It would be easy to say that 2019 is going to be the year of the state-sponsored hacker, but it would also be easy to say that this year is going to be the year of the cryptojacker. Or I could say that this is the year when cross-site scripting is going to be a major threat. But the reality is that 2019 promises to be all three.
The reality is that 2019 is going to be a year of unprecedented risk for cyber-attacks, and to even narrow it down to three types would be a mistake, because attacks are getting significantly more sophisticated, and the attackers are getting better and more numerous. Better because the skills of the state-sponsored cyber warriors are being transferred to cyber-criminals. More numerous because hacking kits are widely available on the internet, and so is the information needed to use them.
The true breadth of state-sponsored cyber-attacks is only now beginning to become known. For example, it now appears that the Equifax attack of 2017 was probably carried out by a state-run organization such as the Russian Internet Research Agency, although there’s no indication that it was the Russians who did it. There’s a belief by several researchers that the Equifax data was taken so that it could be paired with data from other sources, such as the Office of Personnel Management breach, to identify susceptible individuals who can be turned into spies.
‘Script Kiddies’ as Dangerous as Veteran Hackers
On the other hand, the number of attackers who can make use of the resources on the internet to launch their own, relatively unsophisticated, attacks is growing rapidly. While these so-called “script kiddies” aren’t experienced hackers, there are so many of them that the likelihood of their finding a vulnerable target is fairly good. And from your point of view, it doesn’t matter whether a successful attack comes from an experienced hacker or one that’s just lucky.

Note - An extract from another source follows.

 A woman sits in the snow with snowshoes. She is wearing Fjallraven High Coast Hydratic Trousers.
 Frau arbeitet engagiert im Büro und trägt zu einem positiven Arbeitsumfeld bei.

With this new level of threat in mind, here’s are some things to keep in mind about today’s new level of security threats:
- While anti-virus and anti-malware software are still important, they’re not enough to protect you against today’s attacks. You also need secure network design and defense in depth. A secure network design means, among other things, a properly segmented network so that a single breach doesn’t provide an attacker with unfettered access to everything in your organization. Defense in depth means that perimeter protection isn’t enough; you also need intrusion detection, network monitoring, solid authentication and encryption.

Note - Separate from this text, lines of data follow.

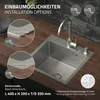 A stainless steel kitchen sink with a faucet and soap dispenser installed on a wooden countertop, with diagrams illustrating installation options. Produktbild-Vorschau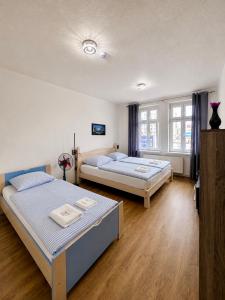 two beds in a room with wooden floors at Kael Apartment in Teplice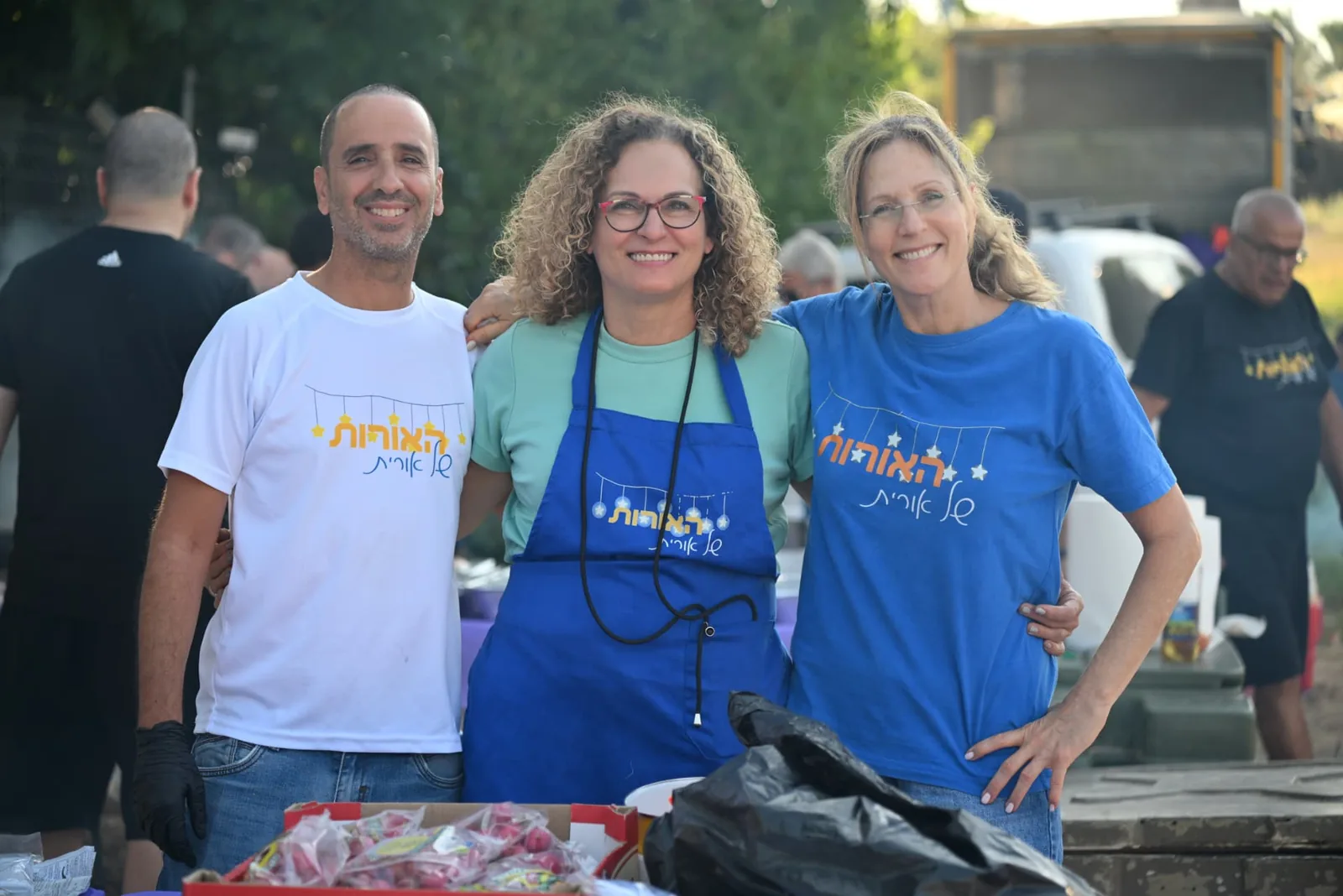 Three volunteers in Lights of Orit shirts and aprons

- Size doesn’t matter. While you may think that your organization is too small to be of interest to a state-sponsored hacking organization or a cyber-criminal, you’re wrong. Even though you may not have any important secrets, the state-sponsored attackers are after information that they can use for a greater purpose. For example, the computerized health records in a medical office or a mental-health facility may provide details that those hackers want to use to blackmail a susceptible individual.

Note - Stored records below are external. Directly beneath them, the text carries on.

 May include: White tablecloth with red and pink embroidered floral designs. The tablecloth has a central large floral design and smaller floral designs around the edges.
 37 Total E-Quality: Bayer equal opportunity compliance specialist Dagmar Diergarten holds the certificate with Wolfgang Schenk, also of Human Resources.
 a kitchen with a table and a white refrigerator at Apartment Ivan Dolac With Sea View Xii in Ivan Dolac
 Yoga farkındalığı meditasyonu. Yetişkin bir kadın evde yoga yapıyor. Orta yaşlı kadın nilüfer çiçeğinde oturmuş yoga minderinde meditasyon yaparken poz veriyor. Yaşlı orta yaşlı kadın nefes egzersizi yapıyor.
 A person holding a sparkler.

- Except for some very specific organizations, you probably can’t do this alone. This means that you will need to engage professional help to make sure your computing facilities are secure. You also need to ensure that your testing is comprehensive. This means more than just a security review, although that’s important. It means penetration testing, it means help with network architecture to ensure your network is properly segmented, and it means making sure that all data is encrypted, so that even a successful breach won’t yield useful data.
- Handled properly, the cloud can be a secure refuge for your organizations. Any of the major cloud providers will almost certainly have better security than you can afford in your data center, but that’s not the end of cloud security. You must also make sure that you make use of the security features that are offered by your cloud provider, that your cloud access is also secure and that you train your employees to manage their access to the cloud securely.
- You owe it to your customers to provide for their security. This means that your organization’s website must be kept free from malware, and that you must make sure that your website cannot host cross-site scripting, malware payloads or any other means of extracting information from visitors, or to provide a platform for attacking them. This means that your web pages must be programmed so that external inputs can’t be placed there, that external software can’t be implanted onto them, and that you monitor activity on those pages.
It’s also important to take steps that your single biggest vulnerability, your employees, are trained to protect your company. This means actively and repeatedly training them not to click on links in email or on websites, not to respond to phishing emails and not to respond to social engineering attacks that may appear through a variety of means, including the telephone. And it means that you need to examine your organization’s website to make sure that you’re not supplying the information needed to enable social engineering or phishing attacks.
So you’re going to have to make sure that the email addresses for your corporate management aren’t available to website visitors, and you have to protect information such as cell phone numbers, since mobile devices can provide a pathway for attackers.
Yes, it’s a lot of work, but the nature and level of the attacks has changed to the point where there’s more risk than ever before. Sadly, that risk isn’t going down any time soon, so it’s critical that you be prepared for it now, and then get ready for next year when it gets even worse.